The FMA case only captured breaches that occurred from 1 April 2014 – when the FMC Act came into force – but some breaches occurred prior to this and continued after the Act came into effect.

The issues specifically included:

  1. Passback benefits: AIA wrongly told certain customers they were entitled to passback benefits (cover enhancements to an existing policy), without clarifying that the benefits only applied to post-2003 policies. The information customers received in anniversary letters misrepresented the benefits, and in some cases misled them about their policies.
  2. Termination Dates issues:

a) Premiums beyond termination: AIA continued to charge premiums when customers had no cover. Letters were sent to certain customers with policies approaching the end of their duration, specifying when cover would cease, but the letters contained the incorrect date.

b) Cover Cessation: AIA wrongly ceased cover for certain customers while their policies remained in force, which resulted in some customers, whose claims had been accepted, being underpaid on those claims. Customers were informed by cover cessation letters.

  1. Inflation Adjustments: AIA applied incorrect inflation adjustments to premiums. Many AIA customers choose to have their sum-assured adjusted in line with inflation, with premiums increased accordingly. Policy anniversary letters were sent to customers where the inflation adjustment had been incorrectly applied, and, as a consequence, some customers were charged excess premiums.

AIA self-reported the breaches to the FMA, when asked to provide information as part of the joint FMA/Reserve Bank of New Zealand conduct and culture review of life insurers in 2018. The court noted AIA has fully investigated and successfully remediated all of the problems.

September 2022

The Auckland High Court has ordered life insurer AIA to pay a pecuniary penalty of $700,000 for making false and/or misleading representations to some customers, following proceedings brought by the FMA.

AIA admitted to the conduct last year in court. The FMA and AIA agreed a penalty of $700,000 reflected the seriousness of the breaches.
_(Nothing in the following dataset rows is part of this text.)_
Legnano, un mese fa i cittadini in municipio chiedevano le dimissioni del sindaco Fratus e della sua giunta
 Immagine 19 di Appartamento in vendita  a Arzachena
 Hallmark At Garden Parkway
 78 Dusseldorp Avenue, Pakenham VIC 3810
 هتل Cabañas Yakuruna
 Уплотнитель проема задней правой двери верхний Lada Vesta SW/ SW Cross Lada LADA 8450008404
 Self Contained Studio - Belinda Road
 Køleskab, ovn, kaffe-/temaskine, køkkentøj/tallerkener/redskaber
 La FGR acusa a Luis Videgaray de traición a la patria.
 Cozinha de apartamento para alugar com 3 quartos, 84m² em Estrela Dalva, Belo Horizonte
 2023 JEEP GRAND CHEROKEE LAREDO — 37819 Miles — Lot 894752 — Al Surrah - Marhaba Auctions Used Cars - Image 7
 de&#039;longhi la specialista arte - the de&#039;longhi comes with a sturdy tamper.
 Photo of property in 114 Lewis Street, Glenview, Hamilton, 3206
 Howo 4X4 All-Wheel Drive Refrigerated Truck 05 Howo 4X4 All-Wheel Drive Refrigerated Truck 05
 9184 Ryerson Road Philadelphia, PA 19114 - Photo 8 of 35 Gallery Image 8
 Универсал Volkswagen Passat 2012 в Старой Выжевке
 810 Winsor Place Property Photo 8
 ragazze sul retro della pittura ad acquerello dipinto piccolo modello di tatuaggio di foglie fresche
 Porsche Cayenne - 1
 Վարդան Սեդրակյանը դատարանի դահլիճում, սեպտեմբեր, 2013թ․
In his judgment, Justice Michael Robinson was satisfied a penalty of this amount was appropriate, taking into account AIA’s:

  • admissions
  • self-reporting
  • cooperation during the FMA’s investigation
  • thorough remediation in compensating customers
  • system errors being unintentional

In bringing these proceedings, the FMA sought to denounce the misconduct, and hold AIA accountable for the breaches and any harm caused to the 383 affected customers, who were overcharged (or had claims underpaid by) more than $413,000. The FMA also wanted to deter financial institutions from having deficient processes or systems.

The Judge declared that AIA had breached Fair Dealing provisions (Part 2) of the Financial Markets Conduct Act 2013 (the FMC Act) in that AIA made false and/or misleading representations in relation to customers insurance policies.

The FMA case was based on three core breaches by AIA regarding incorrect and misleading communication to customers holding various life insurance and associated policies:

  • purported benefits had been automatically added to customer policies when they had not
  • charging premiums after the termination of a policy and treating policies as terminated when they should have remained in force, and,
  • incorrect inflation adjustments.
  • AIA acknowledged its “system failures should not have occurred and should have been remedied more promptly. AIA has now made significant investment to ensure these issues do not reoccur.”

    In relation to general deterrence, the Judge accepted the FMA’s submission that where breaches arise from deficient processes or systems the penalty should deter other market participants from risking similar deficiencies.

July 2021

AIA admitted making false and/or misleading representations to customers in proceedings brought by the FMA. The Auckland High Court and alleges three causes of action under the Fair Dealing provisions (Part 2).